Blockbuster discounts have so far attracted hordes of shoppers this holiday season, which was officially kicked off the day after Thanksgiving. But analysts fear that many retailers - anxious about flagging consumer spending - might have sacrificed too much of their profit by cutting prices.

"We're surprised at how well the traffic numbers looked, especially on Black Friday," said Love Goel, chairman and CEO of Growth Ventures Group, a specialty retail private equity firm.

"When the chickens come home to roost, we'll find out how much of the profit margins were traded off for revenue," Goel said.

One of the first important measures of holiday sales will come next week, when chain stores are expected to report their November numbers. Those figures will include activity on Black Friday and last weekend - a three-day period that accounts for 5 percent or more of total holiday sales.

But industry experts are already dissecting early traffic patterns for clues about trends - and likely winners and losers - in this year's holiday spending.

Electronic buzz: Flat-panel TVs, GPS navigation devices, digital cameras, laptops and videogames are some of the most-sought after holiday purchases.

As a result, Telsey Advisory Group senior analyst Joseph Feldman said stores that sell gadgets will score this year.

"Both Best Buy (Charts, Fortune 500) and Circuit City (Charts, Fortune 500) were less promotional this year, and store traffic was a little down versus last year. But this bodes well for profitability," Feldman said.

In addition, Goel said that Best Buy and Circuit City are boosting their profits by enticing more customers to buy their installation services along with TVs, computers and home entertainment systems - normally low-margin items.

Discount delight: Analysts said that Wal-Mart, Target (Charts, Fortune 500), Costco and other discount stores emerged as early winners because cash-strapped consumers traded down on gift purchases.
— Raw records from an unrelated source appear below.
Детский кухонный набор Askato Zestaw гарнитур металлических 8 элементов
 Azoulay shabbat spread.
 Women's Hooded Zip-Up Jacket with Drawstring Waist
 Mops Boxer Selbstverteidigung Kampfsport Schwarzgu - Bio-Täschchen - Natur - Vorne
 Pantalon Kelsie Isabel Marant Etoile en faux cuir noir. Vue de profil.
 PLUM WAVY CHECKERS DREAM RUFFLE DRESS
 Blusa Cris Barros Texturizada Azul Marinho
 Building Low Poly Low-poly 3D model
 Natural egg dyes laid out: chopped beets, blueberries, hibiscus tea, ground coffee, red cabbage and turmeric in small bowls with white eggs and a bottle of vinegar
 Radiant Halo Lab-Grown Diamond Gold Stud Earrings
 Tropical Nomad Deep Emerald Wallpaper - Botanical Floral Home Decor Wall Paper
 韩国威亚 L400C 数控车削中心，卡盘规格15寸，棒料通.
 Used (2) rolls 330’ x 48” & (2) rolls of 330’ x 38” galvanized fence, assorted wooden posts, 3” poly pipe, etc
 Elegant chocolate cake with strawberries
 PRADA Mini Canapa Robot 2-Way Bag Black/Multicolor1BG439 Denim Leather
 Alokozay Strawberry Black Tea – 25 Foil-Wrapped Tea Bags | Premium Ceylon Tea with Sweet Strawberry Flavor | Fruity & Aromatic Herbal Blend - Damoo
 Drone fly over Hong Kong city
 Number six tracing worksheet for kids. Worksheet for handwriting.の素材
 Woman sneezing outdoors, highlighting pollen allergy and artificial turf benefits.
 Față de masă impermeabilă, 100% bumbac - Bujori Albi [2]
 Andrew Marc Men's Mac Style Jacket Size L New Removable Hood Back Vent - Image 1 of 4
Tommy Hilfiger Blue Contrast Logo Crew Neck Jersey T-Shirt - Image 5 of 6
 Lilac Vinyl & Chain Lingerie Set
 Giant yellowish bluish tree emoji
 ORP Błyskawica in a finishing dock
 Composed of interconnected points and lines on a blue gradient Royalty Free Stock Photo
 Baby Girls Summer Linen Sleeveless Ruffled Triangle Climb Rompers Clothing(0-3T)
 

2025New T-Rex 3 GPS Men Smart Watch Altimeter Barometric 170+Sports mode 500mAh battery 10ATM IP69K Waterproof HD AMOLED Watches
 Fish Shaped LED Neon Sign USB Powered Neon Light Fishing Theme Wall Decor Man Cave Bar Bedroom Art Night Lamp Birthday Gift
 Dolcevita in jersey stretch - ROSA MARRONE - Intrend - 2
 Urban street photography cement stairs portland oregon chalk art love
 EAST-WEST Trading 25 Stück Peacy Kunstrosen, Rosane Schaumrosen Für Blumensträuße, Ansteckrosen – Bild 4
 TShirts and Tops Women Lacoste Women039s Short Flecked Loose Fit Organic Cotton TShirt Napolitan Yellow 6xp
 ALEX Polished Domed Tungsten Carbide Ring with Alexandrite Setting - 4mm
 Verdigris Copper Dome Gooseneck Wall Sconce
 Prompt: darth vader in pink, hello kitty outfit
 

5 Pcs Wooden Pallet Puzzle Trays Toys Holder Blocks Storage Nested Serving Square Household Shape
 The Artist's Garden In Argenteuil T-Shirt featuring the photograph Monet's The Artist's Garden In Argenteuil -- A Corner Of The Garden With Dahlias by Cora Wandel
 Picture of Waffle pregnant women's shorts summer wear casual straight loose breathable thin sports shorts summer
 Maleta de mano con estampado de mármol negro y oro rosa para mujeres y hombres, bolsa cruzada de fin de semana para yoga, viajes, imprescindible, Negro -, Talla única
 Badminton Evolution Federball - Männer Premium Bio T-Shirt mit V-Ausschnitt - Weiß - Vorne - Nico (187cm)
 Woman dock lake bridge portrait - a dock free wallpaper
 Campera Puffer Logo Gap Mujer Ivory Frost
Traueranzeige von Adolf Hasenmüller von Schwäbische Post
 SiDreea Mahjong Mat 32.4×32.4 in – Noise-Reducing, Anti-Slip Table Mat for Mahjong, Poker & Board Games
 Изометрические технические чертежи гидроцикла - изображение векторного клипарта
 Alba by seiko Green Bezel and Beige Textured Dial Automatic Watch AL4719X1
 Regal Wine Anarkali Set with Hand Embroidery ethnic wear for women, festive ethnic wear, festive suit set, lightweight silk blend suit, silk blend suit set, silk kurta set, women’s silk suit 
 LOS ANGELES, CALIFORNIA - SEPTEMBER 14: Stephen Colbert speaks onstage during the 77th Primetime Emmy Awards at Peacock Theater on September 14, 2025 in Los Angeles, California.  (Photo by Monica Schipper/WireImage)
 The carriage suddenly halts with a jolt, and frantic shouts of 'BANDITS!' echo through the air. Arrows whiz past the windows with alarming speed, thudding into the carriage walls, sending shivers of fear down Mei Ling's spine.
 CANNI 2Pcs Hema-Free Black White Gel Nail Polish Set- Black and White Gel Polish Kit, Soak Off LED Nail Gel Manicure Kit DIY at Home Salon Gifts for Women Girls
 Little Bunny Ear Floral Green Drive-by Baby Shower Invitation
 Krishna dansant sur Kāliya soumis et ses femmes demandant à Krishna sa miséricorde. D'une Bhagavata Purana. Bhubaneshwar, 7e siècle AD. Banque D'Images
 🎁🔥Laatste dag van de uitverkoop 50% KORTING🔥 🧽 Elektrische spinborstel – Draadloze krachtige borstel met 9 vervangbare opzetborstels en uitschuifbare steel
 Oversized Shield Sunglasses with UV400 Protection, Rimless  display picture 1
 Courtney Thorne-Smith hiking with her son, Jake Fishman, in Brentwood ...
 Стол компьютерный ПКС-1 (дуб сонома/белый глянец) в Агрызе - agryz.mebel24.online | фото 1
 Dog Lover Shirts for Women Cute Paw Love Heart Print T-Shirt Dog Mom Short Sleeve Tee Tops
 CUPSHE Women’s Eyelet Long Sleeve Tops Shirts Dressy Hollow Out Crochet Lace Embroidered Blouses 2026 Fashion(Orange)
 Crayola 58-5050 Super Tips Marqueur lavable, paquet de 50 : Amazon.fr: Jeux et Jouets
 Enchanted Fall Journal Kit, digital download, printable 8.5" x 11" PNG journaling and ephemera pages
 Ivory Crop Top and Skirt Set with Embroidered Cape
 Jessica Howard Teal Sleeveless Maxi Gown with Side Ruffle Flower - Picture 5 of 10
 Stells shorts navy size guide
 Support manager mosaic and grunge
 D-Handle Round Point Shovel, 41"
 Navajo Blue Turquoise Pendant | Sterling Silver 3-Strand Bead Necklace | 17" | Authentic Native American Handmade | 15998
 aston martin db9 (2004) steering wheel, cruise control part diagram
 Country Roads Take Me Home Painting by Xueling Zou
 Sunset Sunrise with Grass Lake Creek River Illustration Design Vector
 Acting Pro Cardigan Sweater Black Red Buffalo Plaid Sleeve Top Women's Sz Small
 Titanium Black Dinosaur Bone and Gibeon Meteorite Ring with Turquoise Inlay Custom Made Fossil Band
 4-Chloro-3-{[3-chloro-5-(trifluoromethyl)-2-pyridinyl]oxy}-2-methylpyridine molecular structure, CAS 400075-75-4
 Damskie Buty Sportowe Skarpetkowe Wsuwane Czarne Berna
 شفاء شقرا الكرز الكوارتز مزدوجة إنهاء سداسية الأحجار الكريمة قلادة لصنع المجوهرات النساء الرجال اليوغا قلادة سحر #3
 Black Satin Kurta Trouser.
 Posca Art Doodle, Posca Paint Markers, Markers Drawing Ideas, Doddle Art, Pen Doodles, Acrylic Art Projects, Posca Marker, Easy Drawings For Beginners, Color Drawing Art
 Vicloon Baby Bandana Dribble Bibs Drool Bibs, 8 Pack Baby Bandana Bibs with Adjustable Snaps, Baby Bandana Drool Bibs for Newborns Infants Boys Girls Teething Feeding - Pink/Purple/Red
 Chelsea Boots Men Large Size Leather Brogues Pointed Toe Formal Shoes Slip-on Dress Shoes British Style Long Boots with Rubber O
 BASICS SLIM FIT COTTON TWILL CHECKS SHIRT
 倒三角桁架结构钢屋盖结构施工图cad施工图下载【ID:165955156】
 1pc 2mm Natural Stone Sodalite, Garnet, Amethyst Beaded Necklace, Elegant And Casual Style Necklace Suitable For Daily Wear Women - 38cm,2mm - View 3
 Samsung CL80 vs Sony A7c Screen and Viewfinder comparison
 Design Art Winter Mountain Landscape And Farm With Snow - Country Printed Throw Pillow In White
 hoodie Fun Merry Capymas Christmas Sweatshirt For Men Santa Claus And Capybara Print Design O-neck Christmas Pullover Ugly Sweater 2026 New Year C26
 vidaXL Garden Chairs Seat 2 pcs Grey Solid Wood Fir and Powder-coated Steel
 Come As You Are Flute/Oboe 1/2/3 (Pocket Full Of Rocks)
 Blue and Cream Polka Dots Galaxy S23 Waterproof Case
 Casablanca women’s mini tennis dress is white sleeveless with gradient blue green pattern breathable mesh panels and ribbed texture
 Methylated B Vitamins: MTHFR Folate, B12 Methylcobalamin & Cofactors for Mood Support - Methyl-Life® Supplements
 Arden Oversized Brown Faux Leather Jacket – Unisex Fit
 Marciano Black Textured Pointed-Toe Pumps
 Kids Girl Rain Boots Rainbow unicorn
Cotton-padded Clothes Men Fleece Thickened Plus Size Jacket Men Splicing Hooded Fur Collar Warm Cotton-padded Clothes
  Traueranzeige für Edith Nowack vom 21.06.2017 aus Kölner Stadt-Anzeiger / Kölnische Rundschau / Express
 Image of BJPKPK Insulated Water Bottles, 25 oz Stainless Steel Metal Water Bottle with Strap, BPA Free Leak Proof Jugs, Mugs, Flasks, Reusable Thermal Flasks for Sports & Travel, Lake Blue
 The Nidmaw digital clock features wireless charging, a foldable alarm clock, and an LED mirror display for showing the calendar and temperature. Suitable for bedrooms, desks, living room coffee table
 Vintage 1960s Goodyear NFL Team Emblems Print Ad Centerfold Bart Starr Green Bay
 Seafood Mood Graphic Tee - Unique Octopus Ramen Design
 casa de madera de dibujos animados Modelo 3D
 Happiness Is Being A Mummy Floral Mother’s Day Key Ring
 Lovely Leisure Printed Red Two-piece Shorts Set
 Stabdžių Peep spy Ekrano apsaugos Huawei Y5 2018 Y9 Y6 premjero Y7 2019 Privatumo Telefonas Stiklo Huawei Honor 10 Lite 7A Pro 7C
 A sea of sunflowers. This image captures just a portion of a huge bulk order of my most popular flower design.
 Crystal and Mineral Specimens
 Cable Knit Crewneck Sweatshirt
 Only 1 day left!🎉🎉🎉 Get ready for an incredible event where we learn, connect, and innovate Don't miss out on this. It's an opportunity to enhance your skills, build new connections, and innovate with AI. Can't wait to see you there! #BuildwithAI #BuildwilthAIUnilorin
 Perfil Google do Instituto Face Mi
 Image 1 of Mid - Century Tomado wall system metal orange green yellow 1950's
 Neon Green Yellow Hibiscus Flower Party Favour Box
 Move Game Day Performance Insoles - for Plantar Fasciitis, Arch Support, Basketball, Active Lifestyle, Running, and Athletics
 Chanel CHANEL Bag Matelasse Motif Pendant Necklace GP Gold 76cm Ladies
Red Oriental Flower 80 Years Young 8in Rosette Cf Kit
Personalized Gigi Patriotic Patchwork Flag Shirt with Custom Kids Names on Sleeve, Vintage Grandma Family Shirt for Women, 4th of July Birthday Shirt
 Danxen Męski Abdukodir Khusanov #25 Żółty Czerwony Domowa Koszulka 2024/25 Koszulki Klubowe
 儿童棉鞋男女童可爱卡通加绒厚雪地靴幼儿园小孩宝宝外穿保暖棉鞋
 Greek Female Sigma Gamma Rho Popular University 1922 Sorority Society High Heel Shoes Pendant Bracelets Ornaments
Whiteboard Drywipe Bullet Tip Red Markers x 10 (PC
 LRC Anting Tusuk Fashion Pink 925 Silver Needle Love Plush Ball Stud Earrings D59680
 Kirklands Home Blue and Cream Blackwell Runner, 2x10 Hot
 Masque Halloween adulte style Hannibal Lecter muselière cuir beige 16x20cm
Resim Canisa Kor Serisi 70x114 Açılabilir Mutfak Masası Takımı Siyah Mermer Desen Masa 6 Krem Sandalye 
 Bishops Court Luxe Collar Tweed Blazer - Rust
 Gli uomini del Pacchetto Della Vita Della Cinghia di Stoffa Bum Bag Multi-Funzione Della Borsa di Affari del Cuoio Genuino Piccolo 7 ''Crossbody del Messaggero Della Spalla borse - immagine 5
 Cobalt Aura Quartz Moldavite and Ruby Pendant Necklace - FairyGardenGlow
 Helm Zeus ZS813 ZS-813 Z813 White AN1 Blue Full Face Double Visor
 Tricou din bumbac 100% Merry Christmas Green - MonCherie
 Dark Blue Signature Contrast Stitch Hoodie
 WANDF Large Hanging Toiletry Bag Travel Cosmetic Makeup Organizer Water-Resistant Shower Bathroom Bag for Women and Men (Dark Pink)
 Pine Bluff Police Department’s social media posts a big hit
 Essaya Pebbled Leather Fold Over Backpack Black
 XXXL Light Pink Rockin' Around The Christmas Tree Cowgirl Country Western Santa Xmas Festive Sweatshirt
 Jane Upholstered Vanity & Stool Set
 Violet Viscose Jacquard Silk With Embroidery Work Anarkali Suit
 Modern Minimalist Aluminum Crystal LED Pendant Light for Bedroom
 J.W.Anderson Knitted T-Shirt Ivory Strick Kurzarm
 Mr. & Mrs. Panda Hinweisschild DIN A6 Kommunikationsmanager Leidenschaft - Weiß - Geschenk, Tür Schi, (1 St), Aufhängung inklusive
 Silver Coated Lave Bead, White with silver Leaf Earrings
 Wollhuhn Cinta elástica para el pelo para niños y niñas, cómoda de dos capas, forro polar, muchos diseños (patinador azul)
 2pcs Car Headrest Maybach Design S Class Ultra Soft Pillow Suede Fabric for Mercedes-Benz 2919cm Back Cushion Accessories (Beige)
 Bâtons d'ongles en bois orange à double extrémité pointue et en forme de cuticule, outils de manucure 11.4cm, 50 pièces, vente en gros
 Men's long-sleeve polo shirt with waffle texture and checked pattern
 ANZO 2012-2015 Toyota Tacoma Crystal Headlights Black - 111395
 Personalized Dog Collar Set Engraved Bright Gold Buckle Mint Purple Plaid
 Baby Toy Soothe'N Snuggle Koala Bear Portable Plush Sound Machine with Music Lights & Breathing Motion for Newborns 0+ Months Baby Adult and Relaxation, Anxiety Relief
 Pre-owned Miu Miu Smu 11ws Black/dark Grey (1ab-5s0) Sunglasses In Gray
In particular, Wal-Mart's decision to make early price cuts on toys and other merchandise was a smart move, said Goel. "It helped Wal-Mart sell holiday inventory weeks before its competitors," he said.

Those initial purchases, combined with Wal-Mart's (Charts, Fortune 500) Black Friday and weekend sales, mean that the giant retailer is on its way to clearing out its store shelves - leaving it with a healthy inventory through the rest of the season.

"If you have excess inventory right now, December will be a tough sales months and profits will suffer more," Goel said.

Hot Web: Between Black Friday and Cyber Monday, online retail sales were on fire. ComScore, which tracks Web traffic, said Cyber Monday sales hit $733 million, a new one-day record.

And it's not over yet. The bulk of holiday shopping - online and in stores - occurs in December.

"Black Friday weekend is just 9 percent of holiday sales - 40 percent of all holiday sales take place between December 15th and 25th," said Feldman of the Telsey Advisory Group. "So there's still a lot of shopping yet to happen."

E-tailers say the second week of December will be their busiest sales week this year

Toy story: Anecdotal evidence shows that parents rushed to toy sellers on Black Friday to grab big discounts, undeterred by the millions of items recalled this year because of lead paint hazards and faulty designs.

Toys "R" Us indicated that the retailer had a very strong start to the holiday shopping period. Wal-Mart, Target and other big box sellers are expected to provide more details about toy sales when next week.

"To think that people would not buy toys at all because of these recalls is ridiculous," said Feldman.

Fashion victim: The lack of must-have fashion items forced stores to resort to deep price cuts on clothes. Goel said discounts of as much as 50-60 percent would result in "reasonably OK" apparel sales but that "retailers gave up a lot of holiday dollars to sell the merchandise."

Feldman believes that women's specialty chains like Ann Taylor, Chico's and Talbots probably did not fare well, while teen chains American Eagle Outfitters and Hollister drew good weekend crowds.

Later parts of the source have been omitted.